恋するキミの、愛しい秘めごと

「相手が若い男だったら、こんなこと絶対にあり得ないんだけどねぇ……」

一人ぶつくさと呟きながらも、ちょっと楽しい気分でコンビニに寄り道をして、高幡さんが好きなフルーツが沢山入ったゼリーを買った。

それをプラプラ携えて、いつものように重厚な扉を押し開ける。


「高幡さーん! こんにちは、南場です!」

最近インターホンが壊れてしまったらしいその家の玄関に入り、2階に向かって大きな声を上げた。

家の中は外よりも少しだけ寒くて、だけど周りに緑が多いせいか、何だか空気がおいしく感じるという不思議空間。


「上がって来てくれー!」

いつもの返事にクスッと笑うと、勝手知ったる玄関横のシューズボックスからスリッパを取り出して2階に向かった。

外履のままでもいいらしいんだけど、一応ね。


『ガラパゴス諸島に棲む生物』
『フライパンで出来る美味しいパン』
『ハッブルの法則』

相変わらず、彼の読む本はよくわからない。

『ガーデニング~上級編~』

「……」

うん。

どうやらガーデニングの腕は着々と上がっているみたいだけれど。

コンビニの袋をガサガサと言わせながら廊下を進み、いつもの扉の前で立ち止まった。


「失礼します。
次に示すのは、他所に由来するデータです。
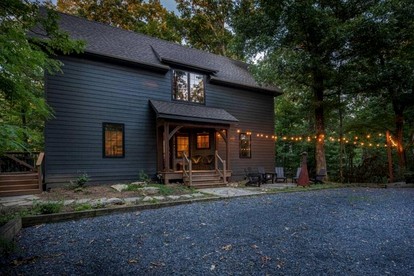 Wintergreen Getaways in this Charming Cabin Rental with Hot Tub and Fire Pit - glamping.directory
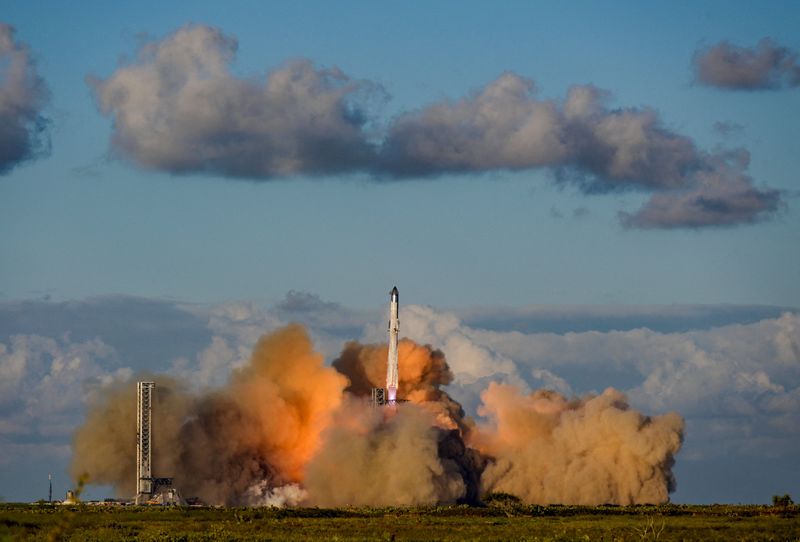 FILE PHOTO: A SpaceX Super Heavy booster carrying the Starship spacecraft lifts off on its 11th test flight at the company's launch pad in Starbase, Texas, U.S., October 13, 2025. REUTERS/Steve Nesius/File Photo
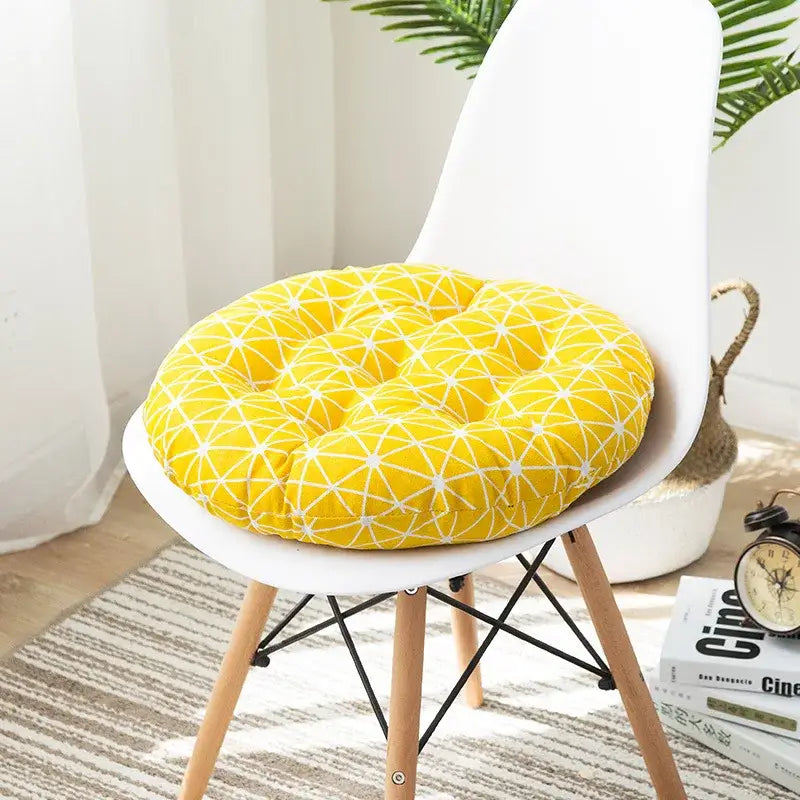 Bright yellow circular cushion pouf with white geometric pattern and tufted design on a modern chair for meditation use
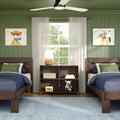 Cozy kids bedroom with two twin wooden beds, green paneled walls, cowboy-themed framed art, ceiling fan, sheer curtains, rattan bedside lamp, alarm clock and stuffed cow toy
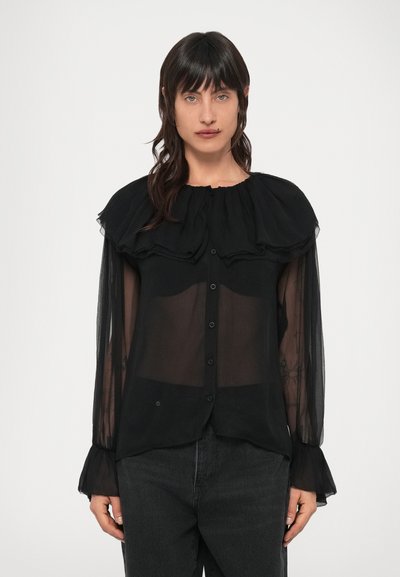 Blouse noire transparente avec un col à volants, des manches longues et une fermeture à boutons. Présente une texture délicate et un tissu légèrement transparent.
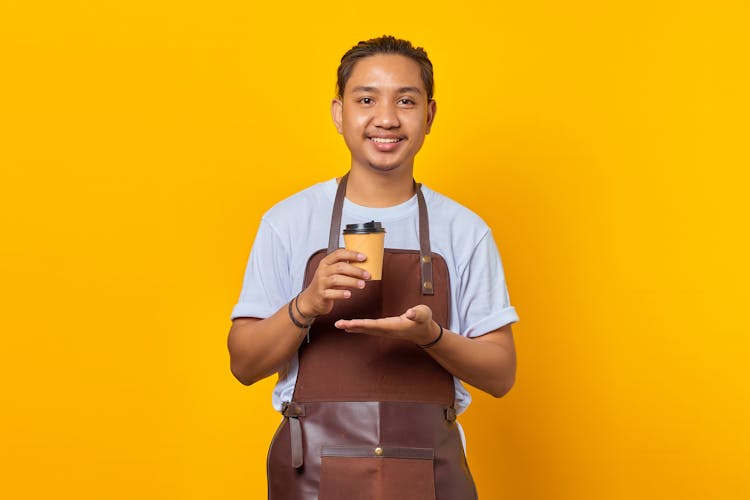 A Man Wearing Brown Apron Holding A Brown Disposable Coffee Cup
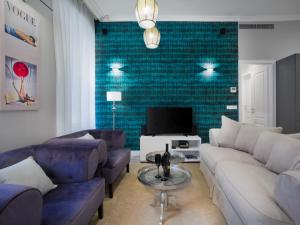 a living room with a couch and a tv at Tailor Two-Bedroom Suite in Dubrovnik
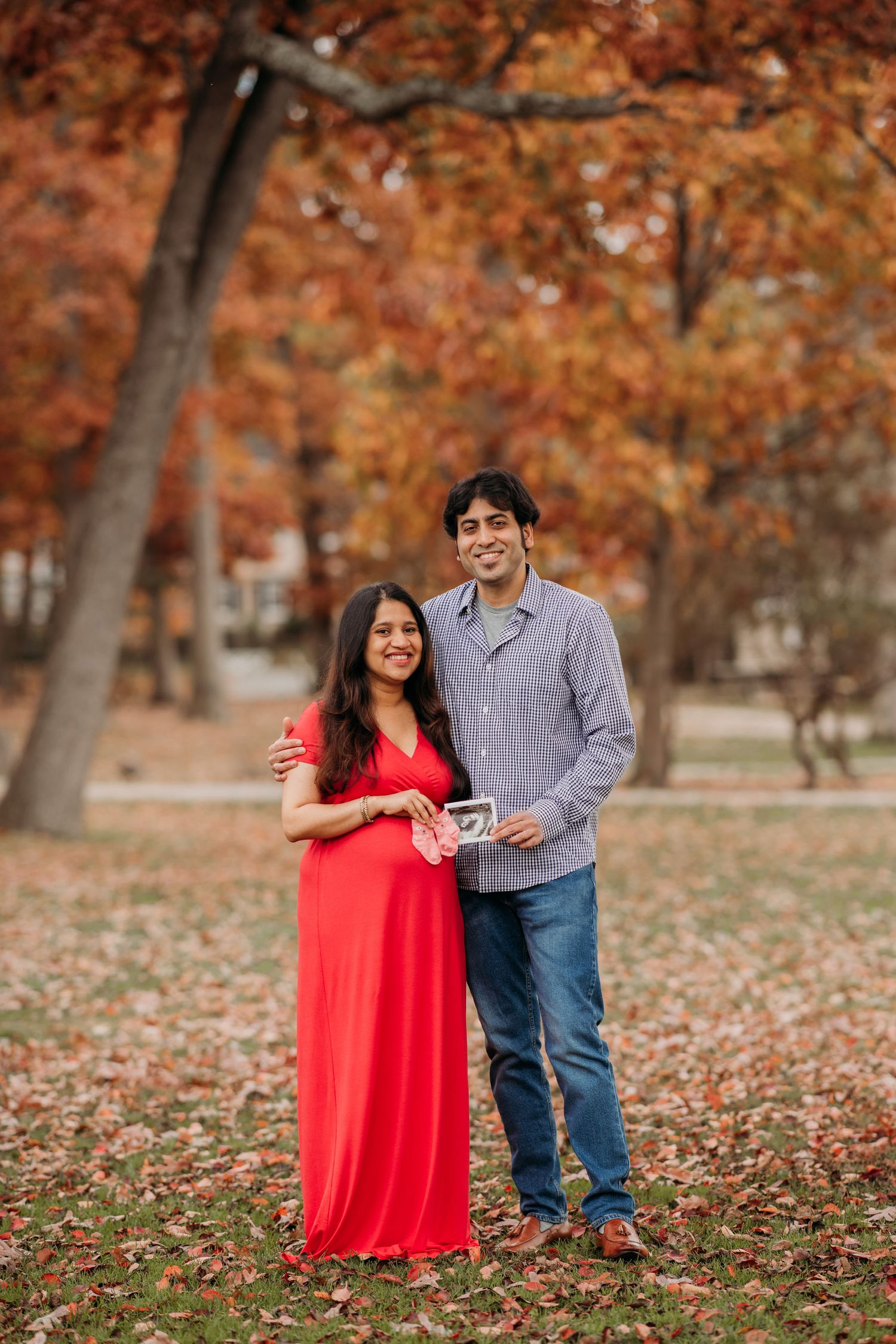 A couple stands together on fallen autumn leaves, with vibrant orange foliage in the background at Verona Park in Essex County.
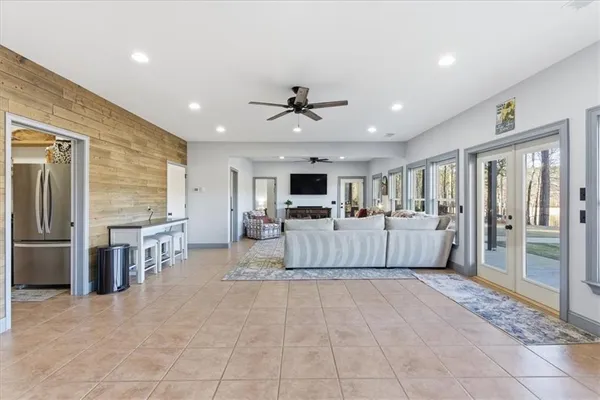 a view of a floor to ceiling window with wooden floor
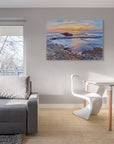 Sunset seascape showing flowing water and layered reef textures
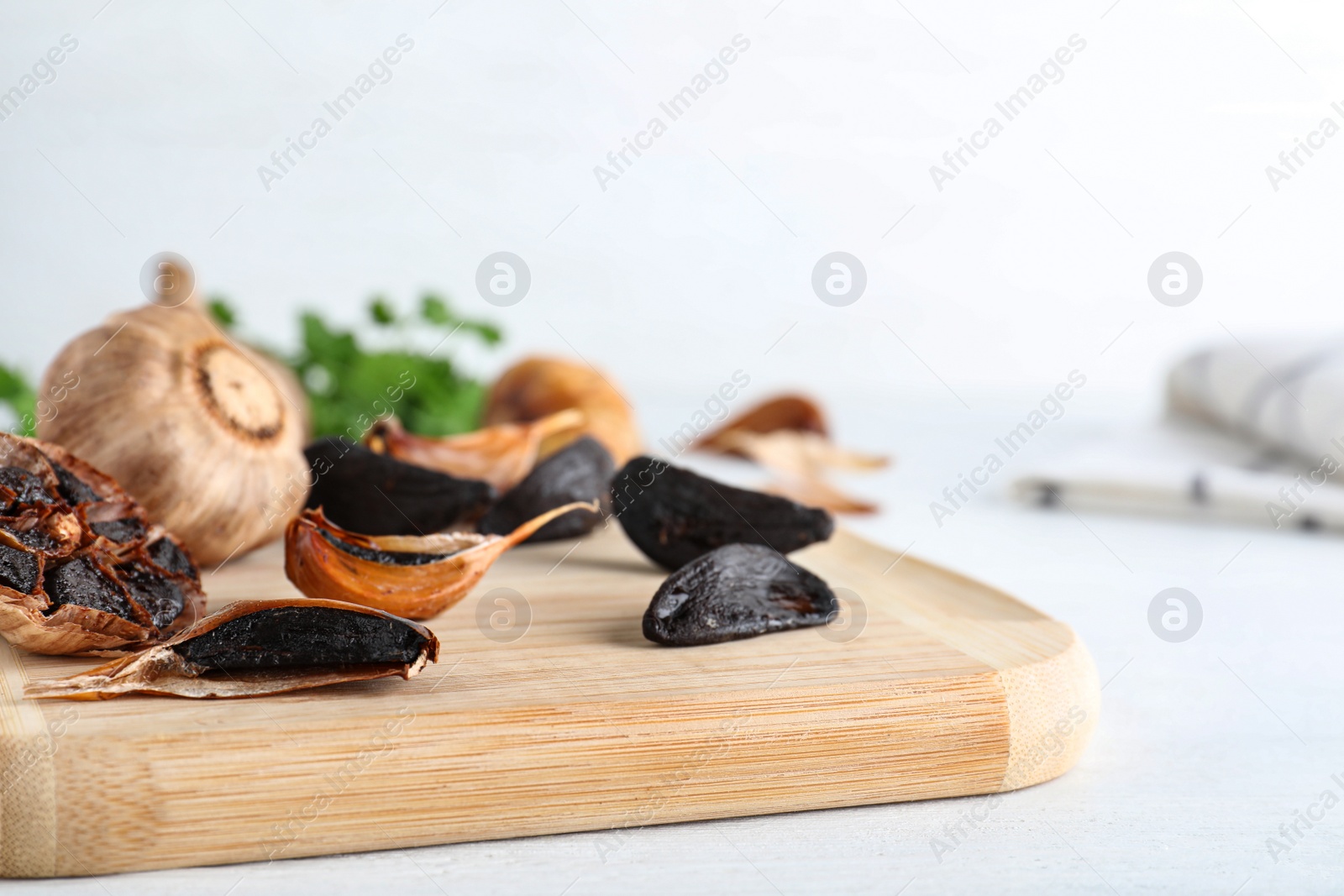 Photo of Wooden board with black garlic on white table. Space for text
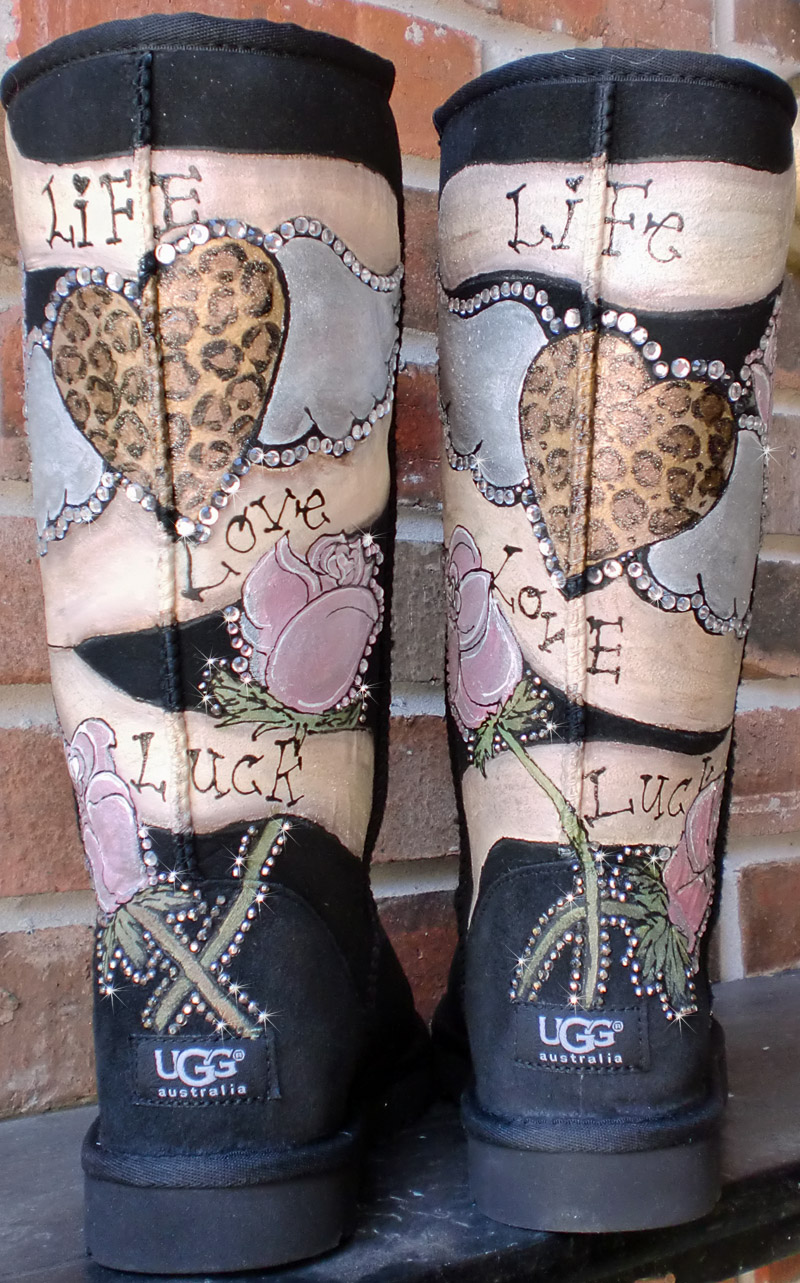 vintage tattoo design painted on uggs with banner of live laugh luck and personalized with name or intial hearts with wings leopard print in gold, blush pink, cream colors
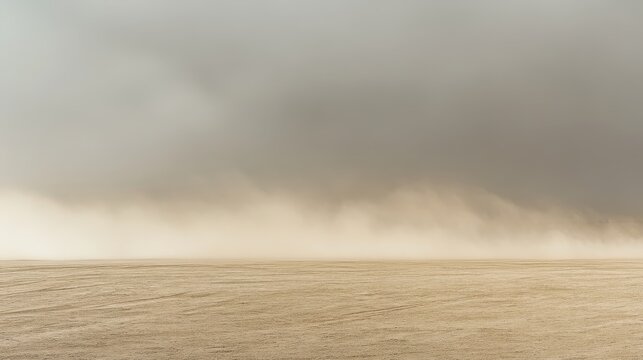 A dramatic dust storm engulfs a desert landscape with hazy skies and a palpable sense of atmospheric power.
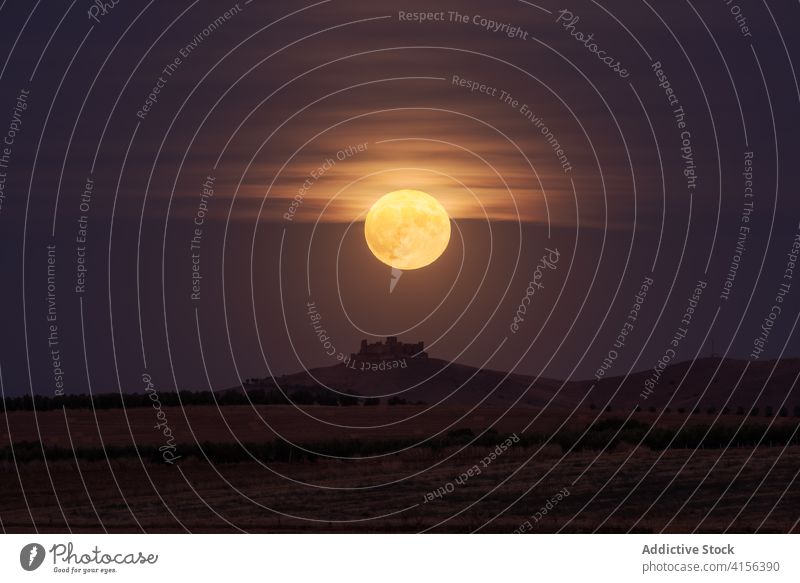 Der Mond leuchtet über einer fernen Burg und einem Feld Landschaft Himmel Burg oder Schloss Hügel dunkel Glanz entfernt Natur Abend Dämmerung Abenddämmerung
南場です」

ヒョコっと中を覗きこむと、いつもの場所に、いつもの高幡さんの姿があった。

――けれど。


「あぁ、散らかっていてすまないね。悪いんだが、コーヒーでも飲みながらソファーで待っていてくれるかな?」

「……」

「ジャンヌ君?」

「あ、はい」

いつもの高幡さんの、いつもの部屋。

けれど、いつもと部屋の様子が違う。


壁一面に設置された本棚は、いつもは本でびっしり埋まっているはずなのに、今日は所々に、すっぽりと抜き取られたような空間が出来ている。


「あの、どうかされたんですか?」

コーヒーを淹れようと、小さな食器棚に手を伸ばしても、そこにはいつもあるはずのカップがない。

思わずかけた言葉に、高幡さんは作業をしていた手を止めて。

「あぁ」と思い出したように近くの箱からカップを2つ取出して、それにコーヒーを注ぐとソファーに行くように私を促した。